The Questionable Conclusions of Operational Research

The commander of the Mediterranean Allied Air Forces (MAAF), General Ira Eaker, was a proponent of the plan and looked upon Strangle as a showcase for the effectiveness and utility of air power. U.S. Army Air Forces (USAAF) leaders, too, were eager to showcase the ability of air power to shape the battle on the ground.

A year previously, disjointed penny packet distribution of air assets to individual army ground commanders in North Africa led to inefficiencies and inconclusive results. Aerial bombing showed promise by disrupting the movement of German and Italian troops to the front lines in Sicily. Now, at last, was an opportunity to show how air power alone would force an enemy army to disengage and withdraw due to the destruction of his logistical support. Not only did USAAF leaders have a gut feeling what air power could do, they could empirically prove it.

General Eaker was a believer in the British Air Ministry’s scientific analysis of warfare titled Operational Research. Operational Research was composed of nonmilitary men whose professional expertise was turned to solving wartime problems.

One of the members of the Operational Research team at the Air Ministry was a British medical doctor named Solomon “Solly” Zuckermann. Zuckermann’s specialty was research into primate behavior in the Anatomy Department at Oxford University. Due to his familiarity with primates, he was commissioned to do studies on the effectiveness of the German Blitz on England—how bomb blasts affect monkeys (and humans), the merits of one size or kind of bomb over another, and more.

Zuckermann had risen to prominence by predicting that an aerial bombardment of the Italian island of Pantelleria, south of Sicily, would lead to its surrender. When the Italian garrison commander welcomed the first invasion craft with a white flag, Zuckermann’s stock rose as a genius of Operational Research.

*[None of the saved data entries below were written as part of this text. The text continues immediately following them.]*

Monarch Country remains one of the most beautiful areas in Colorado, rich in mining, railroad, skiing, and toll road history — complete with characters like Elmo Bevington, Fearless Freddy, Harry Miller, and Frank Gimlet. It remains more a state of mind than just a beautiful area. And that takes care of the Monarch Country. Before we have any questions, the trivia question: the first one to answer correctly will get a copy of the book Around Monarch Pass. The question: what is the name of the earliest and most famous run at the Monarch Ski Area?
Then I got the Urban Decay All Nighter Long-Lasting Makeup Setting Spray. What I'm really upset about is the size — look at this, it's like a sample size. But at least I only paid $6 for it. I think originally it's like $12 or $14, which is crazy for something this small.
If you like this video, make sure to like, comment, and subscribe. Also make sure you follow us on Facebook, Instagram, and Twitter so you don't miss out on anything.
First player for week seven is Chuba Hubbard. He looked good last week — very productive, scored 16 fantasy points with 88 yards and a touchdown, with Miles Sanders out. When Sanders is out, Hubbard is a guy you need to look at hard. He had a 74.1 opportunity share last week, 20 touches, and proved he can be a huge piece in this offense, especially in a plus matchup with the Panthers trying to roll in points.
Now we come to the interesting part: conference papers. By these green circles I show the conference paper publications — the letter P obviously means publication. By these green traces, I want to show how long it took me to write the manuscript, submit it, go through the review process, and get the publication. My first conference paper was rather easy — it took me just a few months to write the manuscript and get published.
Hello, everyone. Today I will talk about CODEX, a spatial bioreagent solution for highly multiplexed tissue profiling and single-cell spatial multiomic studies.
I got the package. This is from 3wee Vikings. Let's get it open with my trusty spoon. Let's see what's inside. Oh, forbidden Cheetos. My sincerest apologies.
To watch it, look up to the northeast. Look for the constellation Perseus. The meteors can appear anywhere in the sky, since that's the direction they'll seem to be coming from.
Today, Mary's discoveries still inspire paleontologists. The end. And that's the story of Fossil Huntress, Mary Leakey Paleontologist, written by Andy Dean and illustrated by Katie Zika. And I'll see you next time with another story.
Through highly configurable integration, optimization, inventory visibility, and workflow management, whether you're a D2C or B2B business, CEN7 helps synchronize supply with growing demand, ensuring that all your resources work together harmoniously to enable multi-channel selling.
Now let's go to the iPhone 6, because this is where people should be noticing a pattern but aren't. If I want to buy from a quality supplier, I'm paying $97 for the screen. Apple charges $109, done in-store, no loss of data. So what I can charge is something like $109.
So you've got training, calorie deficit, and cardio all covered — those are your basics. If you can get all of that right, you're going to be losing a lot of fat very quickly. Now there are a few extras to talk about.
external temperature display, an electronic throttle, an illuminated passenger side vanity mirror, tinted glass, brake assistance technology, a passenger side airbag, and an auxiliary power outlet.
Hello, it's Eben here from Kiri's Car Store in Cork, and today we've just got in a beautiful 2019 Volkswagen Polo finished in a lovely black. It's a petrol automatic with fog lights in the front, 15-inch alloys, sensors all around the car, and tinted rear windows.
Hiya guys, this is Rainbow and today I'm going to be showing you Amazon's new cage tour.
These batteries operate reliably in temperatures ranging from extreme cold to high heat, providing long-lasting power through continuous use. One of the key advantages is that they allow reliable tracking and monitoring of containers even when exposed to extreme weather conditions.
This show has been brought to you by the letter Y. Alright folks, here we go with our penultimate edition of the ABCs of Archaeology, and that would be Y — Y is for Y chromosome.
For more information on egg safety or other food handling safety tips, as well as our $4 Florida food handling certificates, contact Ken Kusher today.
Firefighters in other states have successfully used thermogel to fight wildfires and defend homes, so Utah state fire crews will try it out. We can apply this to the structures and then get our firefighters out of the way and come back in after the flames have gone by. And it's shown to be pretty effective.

It was Zuckermann’s belief that the enemy’s communications were his Achilles heel. He considered the railroad marshaling yards, bridges, and roads critical targets. Since he believed bridges and roads were notoriously hard to bomb, railroad marshaling yards promised to be key targets that could be easily hit and dramatically affect the enemy’s logistical support.

The large size of marshaling yards ensured there would be less wastage of bombs that fell outside their aiming point. Railroad marshaling yards thus became the primary initial focus of Strangle.

The overall commander of Allied forces in Italy, Field Marshal Harold Alexander, was deeply skeptical of Strangle’s focus on railroad marshaling yards.

“As far as Italy was concerned,” he said, “the fallacy of the policy of attacks on marshaling yards lay in the fact that these are usually on level ground and always contain a large number of parallel tracks so that any damage can be rapidly repaired and a through line established in a very brief time.”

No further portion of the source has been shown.